▶ [THE PROBLEM]: Return, word for word, only the lines of the data below that lie between the line with "Die 101 081-8" and the line with "Idąc nowo odblokowanym", those two lines included.

▶ [RECORDS PROVIDED]:
------------------------------------------------------------

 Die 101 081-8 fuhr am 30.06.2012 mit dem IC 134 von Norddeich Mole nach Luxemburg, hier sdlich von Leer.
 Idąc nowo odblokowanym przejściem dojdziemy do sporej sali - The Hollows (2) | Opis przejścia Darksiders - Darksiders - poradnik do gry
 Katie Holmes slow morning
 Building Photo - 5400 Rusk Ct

------------------------------------------------------------

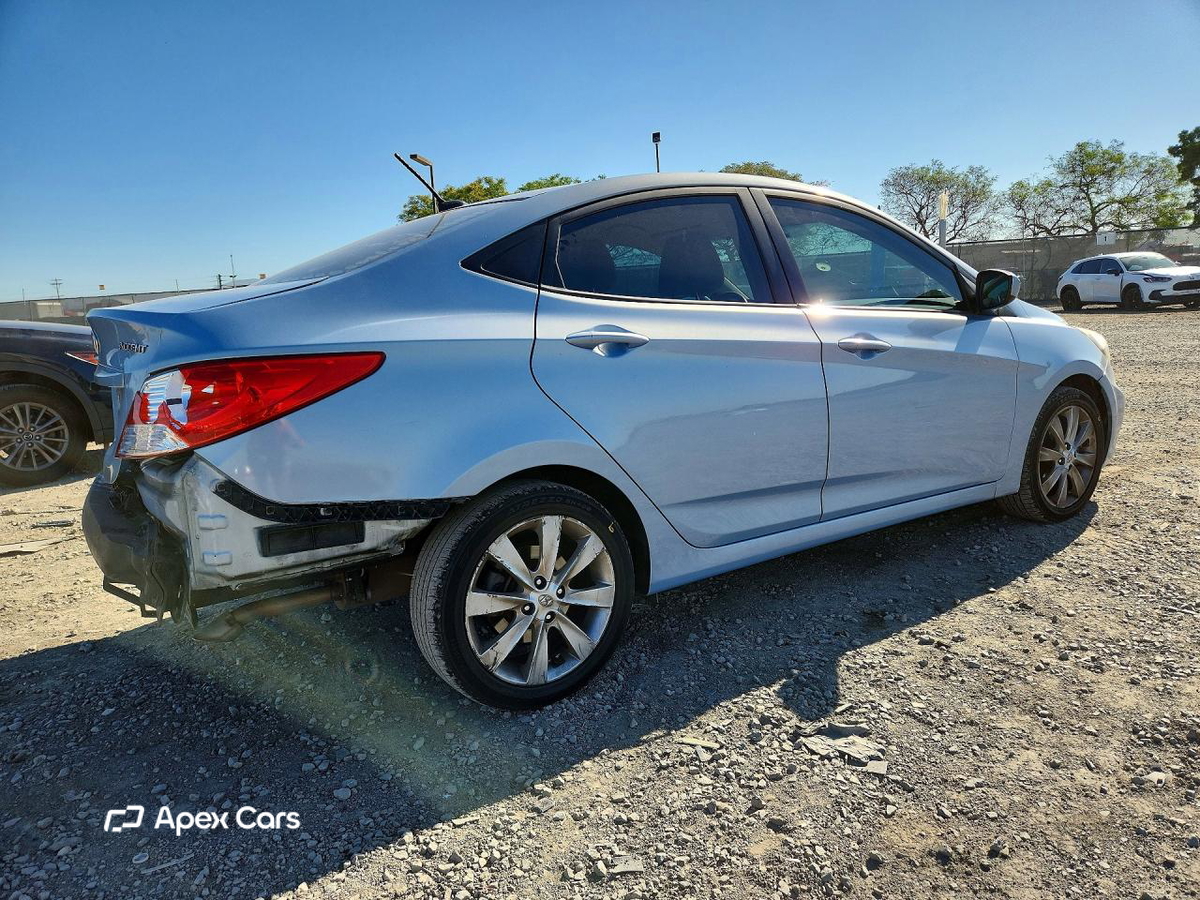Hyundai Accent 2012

------------------------------------------------------------

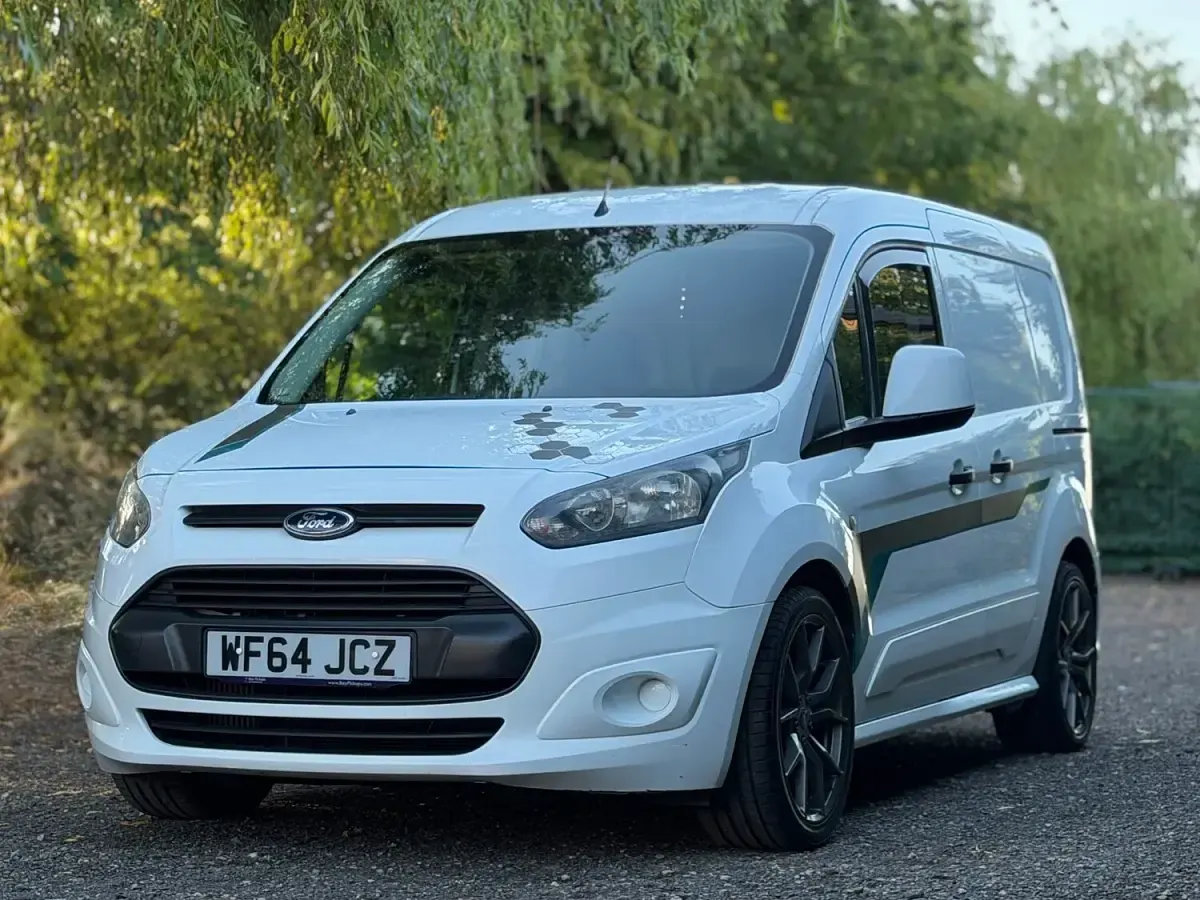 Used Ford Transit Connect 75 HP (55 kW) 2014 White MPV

------------------------------------------------------------

▶ [TASK RESULT]:
 Die 101 081-8 fuhr am 30.06.2012 mit dem IC 134 von Norddeich Mole nach Luxemburg, hier sdlich von Leer.
 Idąc nowo odblokowanym przejściem dojdziemy do sporej sali - The Hollows (2) | Opis przejścia Darksiders - Darksiders - poradnik do gry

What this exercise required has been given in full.